Action item:
Give back all of the data exactly as it stands, with the pictures removed.

Data provided:
________

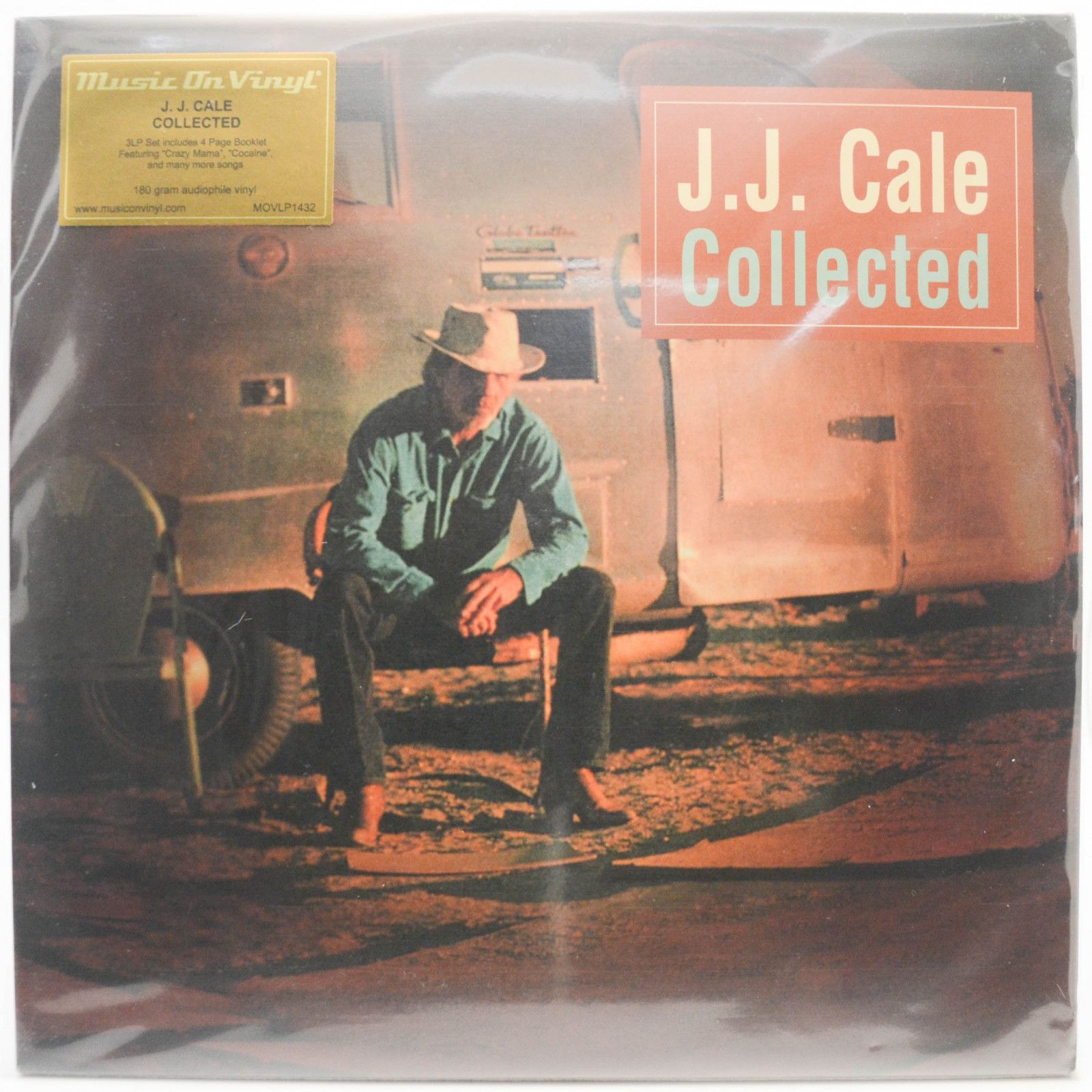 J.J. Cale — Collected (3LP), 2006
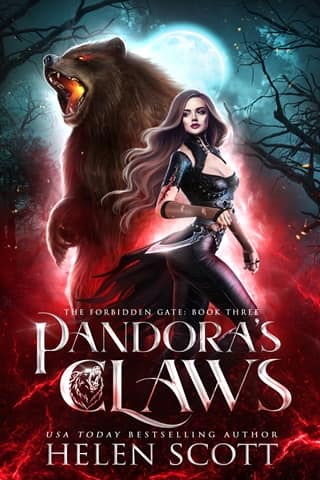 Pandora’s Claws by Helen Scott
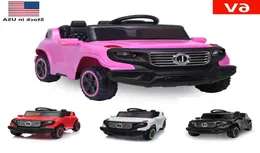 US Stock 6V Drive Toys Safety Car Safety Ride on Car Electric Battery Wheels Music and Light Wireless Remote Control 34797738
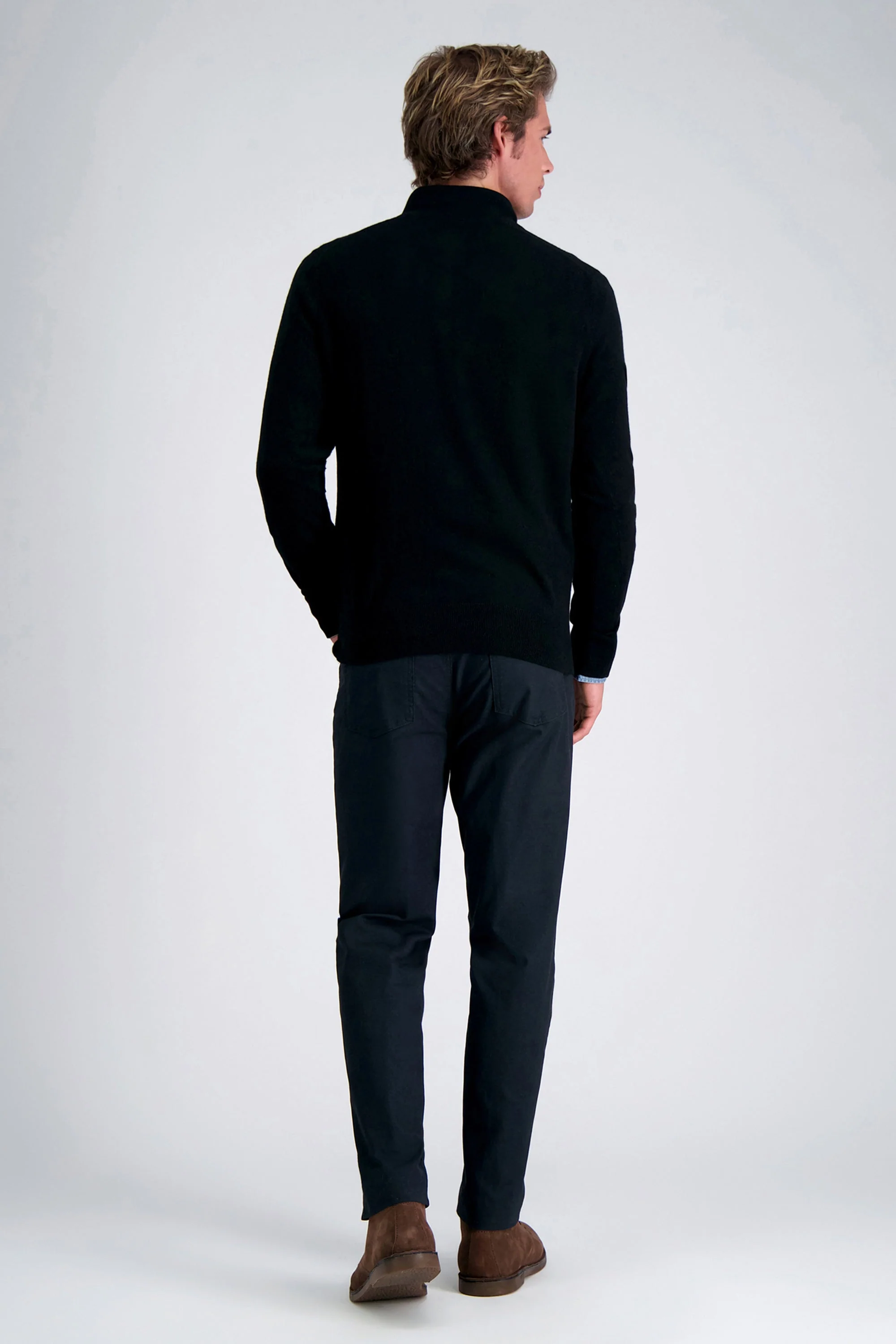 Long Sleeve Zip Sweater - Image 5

________

Reply to the task:
 J.J. Cale — Collected (3LP), 2006
 Pandora’s Claws by Helen Scott
 US Stock 6V Drive Toys Safety Car Safety Ride on Car Electric Battery Wheels Music and Light Wireless Remote Control 34797738
 Long Sleeve Zip Sweater - Image 5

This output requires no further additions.